Having stable income, precarious workers may be more attractive tenants for landlords. The access to housing in France is difficult for those being in precarious employment relations and unemployed. The reason is an artificial scarcity of flats to rent: some owners prefer not to rent their flats if they cannot find an attractive tenant (having stable employment or a guarantor). In theory, a universal basic income promises a better accessibility to housing. However, the stability of revenue does not solve the problem of accessibility to housing as the French case illustrates. The minimum social benefits (RSA) and housing allowance (APL) may be considered to be a form of basic income because it is difficult to lose them and one can only improve one’s financial situation from there. Despite this stable revenue, owners tend to discriminate against unemployed tenants.

Furthermore, thanks to a UBI middle class households may obtain sufficient financial stability to either get a loan or to save for the purchase of housing.

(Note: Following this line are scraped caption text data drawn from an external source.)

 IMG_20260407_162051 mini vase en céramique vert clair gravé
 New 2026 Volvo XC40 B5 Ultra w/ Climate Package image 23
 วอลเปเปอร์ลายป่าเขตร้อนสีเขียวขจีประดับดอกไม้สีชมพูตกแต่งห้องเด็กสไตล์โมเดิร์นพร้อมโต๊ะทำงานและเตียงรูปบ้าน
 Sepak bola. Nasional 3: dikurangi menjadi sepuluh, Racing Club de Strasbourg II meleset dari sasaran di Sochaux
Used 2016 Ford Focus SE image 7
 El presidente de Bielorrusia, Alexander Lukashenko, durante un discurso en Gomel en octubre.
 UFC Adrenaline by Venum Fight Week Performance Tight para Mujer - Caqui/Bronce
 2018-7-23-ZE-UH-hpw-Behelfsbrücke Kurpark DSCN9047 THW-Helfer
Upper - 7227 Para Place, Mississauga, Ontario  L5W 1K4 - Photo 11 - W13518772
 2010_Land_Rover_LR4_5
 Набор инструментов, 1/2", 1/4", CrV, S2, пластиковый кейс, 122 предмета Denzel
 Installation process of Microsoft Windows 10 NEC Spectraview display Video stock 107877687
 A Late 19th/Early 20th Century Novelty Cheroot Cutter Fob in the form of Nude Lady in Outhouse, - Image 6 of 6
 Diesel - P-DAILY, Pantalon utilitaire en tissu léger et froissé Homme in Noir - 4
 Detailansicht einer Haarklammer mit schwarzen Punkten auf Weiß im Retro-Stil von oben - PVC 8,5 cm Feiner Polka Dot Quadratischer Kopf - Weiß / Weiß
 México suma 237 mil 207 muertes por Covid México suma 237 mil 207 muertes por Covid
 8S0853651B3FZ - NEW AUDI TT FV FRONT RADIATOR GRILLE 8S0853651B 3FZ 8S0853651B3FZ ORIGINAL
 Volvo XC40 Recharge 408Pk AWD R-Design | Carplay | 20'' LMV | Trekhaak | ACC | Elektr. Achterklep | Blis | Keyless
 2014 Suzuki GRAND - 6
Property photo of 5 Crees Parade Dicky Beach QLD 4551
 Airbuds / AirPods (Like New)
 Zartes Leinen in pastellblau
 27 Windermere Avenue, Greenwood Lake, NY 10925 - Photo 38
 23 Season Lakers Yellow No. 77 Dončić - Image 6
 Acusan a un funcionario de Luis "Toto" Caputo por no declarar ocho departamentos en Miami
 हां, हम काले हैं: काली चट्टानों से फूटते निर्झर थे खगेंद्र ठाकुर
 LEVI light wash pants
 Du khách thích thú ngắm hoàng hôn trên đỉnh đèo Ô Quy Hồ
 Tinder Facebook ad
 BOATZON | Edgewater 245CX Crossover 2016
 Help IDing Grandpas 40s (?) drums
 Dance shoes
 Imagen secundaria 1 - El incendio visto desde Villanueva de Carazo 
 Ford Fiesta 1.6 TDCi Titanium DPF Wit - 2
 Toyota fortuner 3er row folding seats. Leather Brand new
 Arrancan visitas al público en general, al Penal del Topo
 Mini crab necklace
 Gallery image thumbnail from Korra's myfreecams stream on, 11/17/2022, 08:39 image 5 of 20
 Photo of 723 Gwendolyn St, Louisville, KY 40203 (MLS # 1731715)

Although a universal basic income may liberate people from the need to be employed to make a living, the power relations and inequalities in terms of wealth and possessions will necessarily remain. Exploitation through employment is just one form of exploitation we experience nowadays. The possession of the means of production (physical and intellectual property) becomes increasingly egalitarian thanks to the open source movement and the availability of 3D printers (Anderson 2012). Housing and real estate is a considerable source of wealth extraction and inequalities within the society. The rent and real estate may become one of such exploitation attacks from the capitalist class. As I write in an unpublished manuscript:

‘Additionally, one can imagine other cost-inducing practices imposed by the capital to extract gains. The introduction of a basic income does not imply an authoritarian communist system [the private property was limited by state intervention in the communist regime]. It is not assumed this reform will be accompanied by any measures challenging the capitalist relations of power. It should be noted that labor exploitation is just one of elements of the capitalist exploitation. The property rights in their current forms make other forms of exploitation possible. Therefore, capital, although limited in its opportunities to exploit labor, would still have influence and be able to extract gains by increasing prices and controlling the means of subsistence.’ (“How Basic Income Will Transform Active Citizenship? A Scenario of Political Participation beyond Delegation,” Conference paper to be presented at the BIEN conference, 27-29 June 2014).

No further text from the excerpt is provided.